Author: Andrew


Most of the group arrived the night before, having a cheeky morning of climbing at Godnor before the rains came.

Ben led the way to Rainshadow wall where they could keep climbing in the rain. Damien and Ben cruised anything and everything. Andrew, Martina, and Matthijs had their first bouldering experience outdoors, all managing to send two problems (f4) and then failing the third (f5+) where it became apparent just how soft indoor grading is. Time for practice then!

When they were done, the group ate industrial quantities of Chinese food (courtesy of Golden Island) and sank into their respective food comas. In the evening, the last car group arrived carrying Alistair and Christine, having decided they had no interest in climbing in the wet predicted for earlier in the day and prepared themselves for the next day.
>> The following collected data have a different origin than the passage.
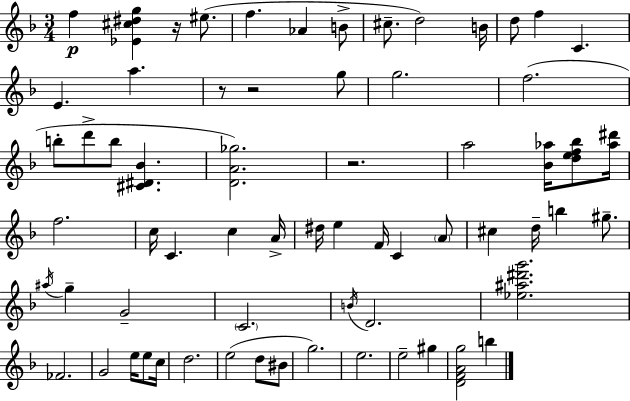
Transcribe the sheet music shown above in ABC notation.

X:1
T:Untitled
M:3/4
L:1/4
K:Dm
f [_E^c^dg] z/4 ^e/2 f _A B/2 ^c/2 d2 B/4 d/2 f C E a z/2 z2 g/2 g2 f2 b/2 d'/2 b/2 [^C^D_B] [DA_g]2 z2 a2 [_B_a]/4 [def_b]/2 [_a^d']/4 f2 c/4 C c A/4 ^d/4 e F/4 C A/2 ^c d/4 b ^g/2 ^a/4 g G2 C2 B/4 D2 [_e^a^d'g']2 _F2 G2 e/4 e/2 c/4 d2 e2 d/2 ^B/2 g2 e2 e2 ^g [DFAg]2 b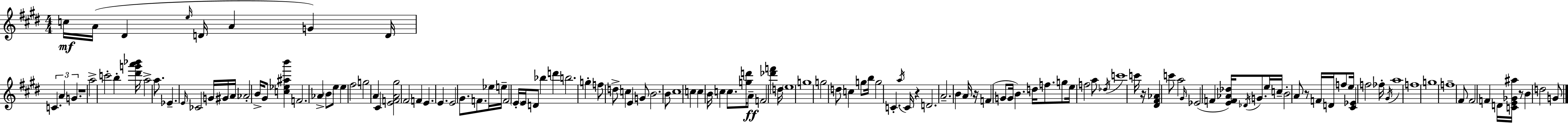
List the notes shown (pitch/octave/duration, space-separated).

C5/s A4/s D#4/q E5/s D4/s A4/q G4/q D4/s C4/q. A4/q G4/q. R/w A5/h C6/h B5/q [D#6,G6,A6,Bb6]/s A5/h A5/e. Eb4/q. E4/s CES4/h G4/s G#4/s A4/s Ab4/h B4/s G#4/e [C5,Eb5,A#5,B6]/q F4/h. Ab4/q B4/e E5/e E5/q F#5/h G5/h A4/q C#4/q [E4,F4,A4,G#5]/h F#4/h F4/q E4/q. E4/q. E4/h G#4/e. F4/e. Eb5/s E5/s F4/h E4/s E4/s D4/e Bb5/q D6/q B5/h. G5/q F5/e D5/e C5/q E4/q G4/e B4/h. B4/e C#5/w C5/q C5/q B4/s C5/q C5/e. [G5,D6]/s A4/e F4/h [Db6,F6]/q D5/s E5/w G5/w G5/h D5/e C5/q G5/e B5/s G5/h C4/q. A5/s C4/s R/q D4/h. A4/h. B4/q A4/s R/s F4/q G4/e G4/s B4/q. D5/s F5/e. G5/e E5/s F5/h A5/e Db5/s C6/w C6/s R/s [D#4,F#4,Ab4]/q C6/e A5/h G#4/s Eb4/h F4/q [E4,F4,Ab4,Db5]/s Db4/s G4/e. E5/s C5/s B4/h A4/e R/e F4/s D4/s F5/e E5/s [C#4,Eb4]/q F5/h FES5/s G#4/s A5/w F5/w G5/w F5/w F#4/e F#4/h F4/q D4/s [C4,E4,Gb4,A#5]/s R/e B4/q D5/h G4/e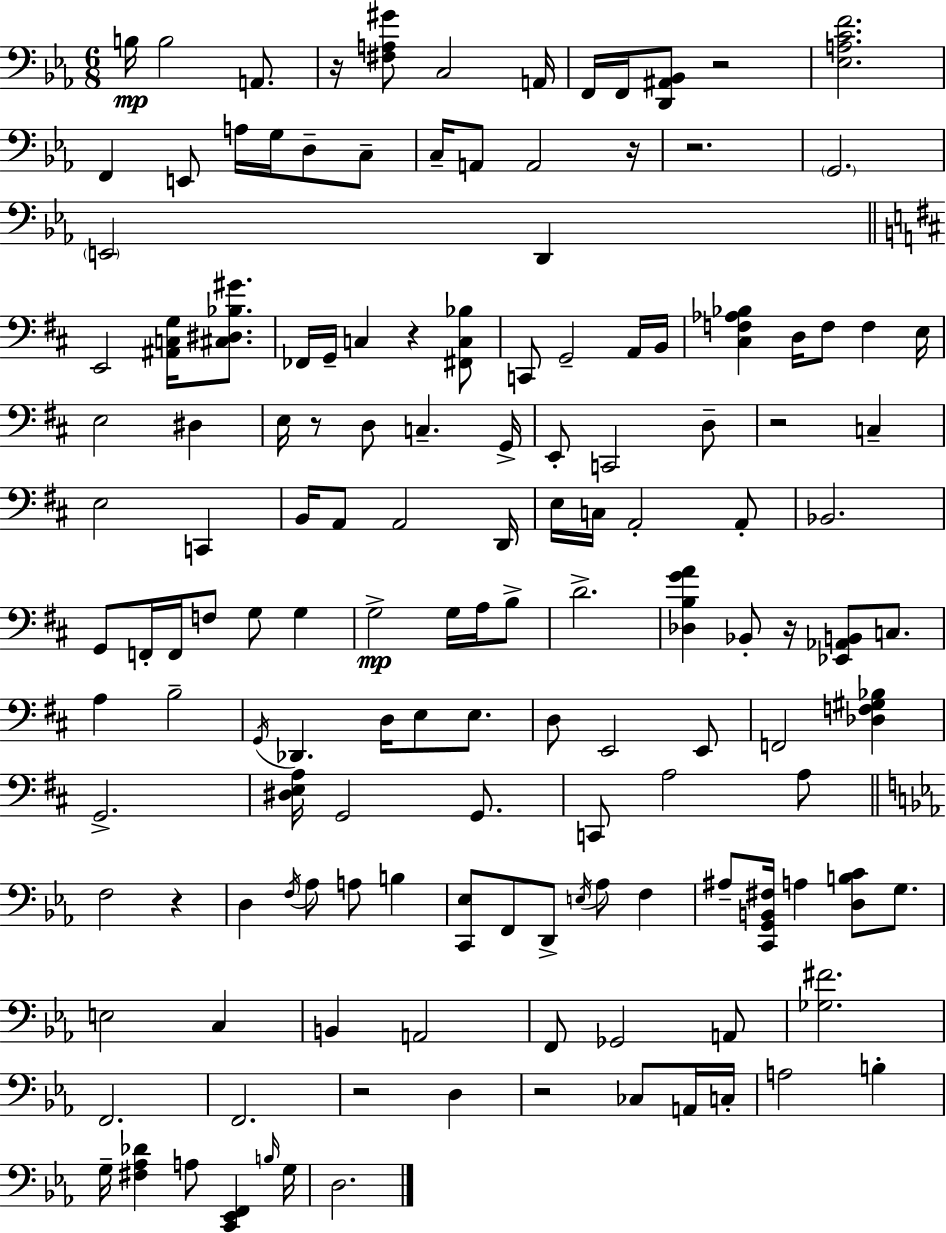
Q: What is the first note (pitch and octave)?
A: B3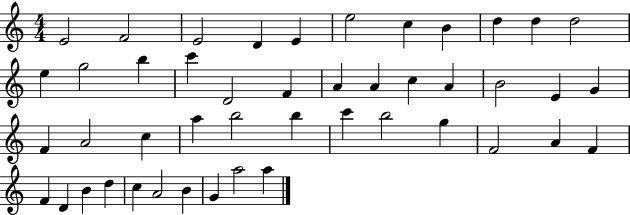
E4/h F4/h E4/h D4/q E4/q E5/h C5/q B4/q D5/q D5/q D5/h E5/q G5/h B5/q C6/q D4/h F4/q A4/q A4/q C5/q A4/q B4/h E4/q G4/q F4/q A4/h C5/q A5/q B5/h B5/q C6/q B5/h G5/q F4/h A4/q F4/q F4/q D4/q B4/q D5/q C5/q A4/h B4/q G4/q A5/h A5/q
Two vehicles set off for the crag on a beautiful morning. The horrific weekend forecast had put off all but the most hardened / foolhardy climbers and we were ready to reap the benefits of empty crags and gorgeous weather. At which point, a warning light on the car dashboard came on for the late car group, and well.. <Redacted due to PTSD>

<story continued..> Plenty of careful walking along the path to Blacknor North found it largely empty and it was a pleasure to get on a number of often congested routes. Everyone had a good time, basking in the sun when it popped over the cliff.

Thank you to Damien for rescuing the quickdraws on an aborted attempt of Reptile Smile – turns out smeary bridges aren’t for everyone!

Always an impressive area to climb.
All the flowstone, yo
A balancing act

Once this area was complete, everyone moving onwards to head to the next sector, closer to the via ferrata style exit but required some interesting bush-whacking walking and a walk down a steep rope protected slope.

Everyone was glad the rope was in situ
Last climb fun!

On the last climb, no one quite understood why Andrew thought he should start the route in bushes, but he did and it was amusing. He made the amusing error (along with most) in assuming the route was a face climb at first, which turned it from a 4+ to something that felt akin to 6a+. When each individual realised where the holds where it turned into a really pleasant climb to end the day.


Probably biggest achievement of the weekend: when Matthijs and Martina started pitching the tent at 10pm on Friday night…. “we realised one of our tent poles had snapped. To avoid the broken pole tearing up our tent, I removed my socks, tied them to the pole and not only it kept them upright throughout two very windy nights, but the tent was NOT damaged!”

Damien watching over other climbers enjoying their day

Editor: Thank you to Andrew for sorting out a great weekend, despite the odds faced by all!